Preface


This study uses three episodes in the interplay of intelligence with policymaking on Vietnam (1) to examine the information and judgments the Central Intelligence Agency provided presidents and senior administration officials; (2) to assess the impact these inputs had or did not have on policy decisions; and (3) to reflect on why the policy and intelligence outcomes developed as they did. Focusing on CIA intelligence analysis in Washington in the 1960s, the study is intended to complement other History Staff publications on Vietnam treating the Agency's operational performance in the field.

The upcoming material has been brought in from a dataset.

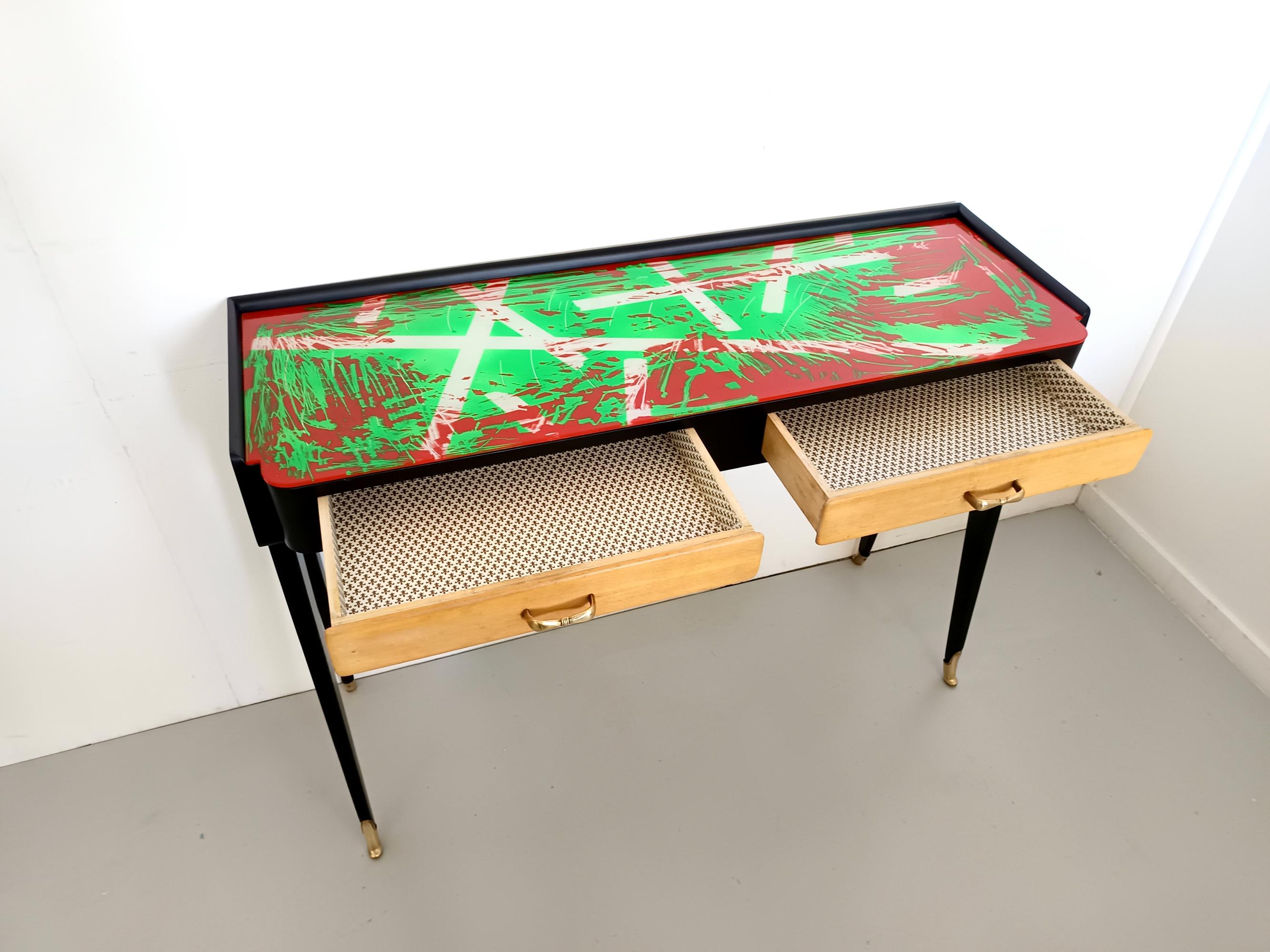 Konsolentisch aus schwarzer Buche mit roter und grüner Rückseite bemalter Glasplatte, Italien im Angebot 2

The particular focus of this study takes nothing away from the fact that CIA assessments on Vietnam were an important part of the policymaking process in the years before and after these three episodes. In the earlier years, CIA Headquarters judgments had been consistently pessimistic, holding that the French would almost certainly not be able to prevail in Vietnam. As the US commitment to South Vietnam progressively increased, CIA-produced assessments of the military-political outlook there remained more doubtful than those of US policymakers. Until 1962, CIA's senior officers had focused their attention on field operations, intelligence collection, and the routine supply of finished intelligence to Washington policymakers. That situation changed with the advent of Director of Central Intelligence (DCI) John A. McCone in late 1961. Until early 1965 McCone played an active role in many matters of policy formulation affecting the Vietnam war and broader world issues, though late in 1964 he and President Johnson began to differ on optimum military measures to pursue in Vietnam.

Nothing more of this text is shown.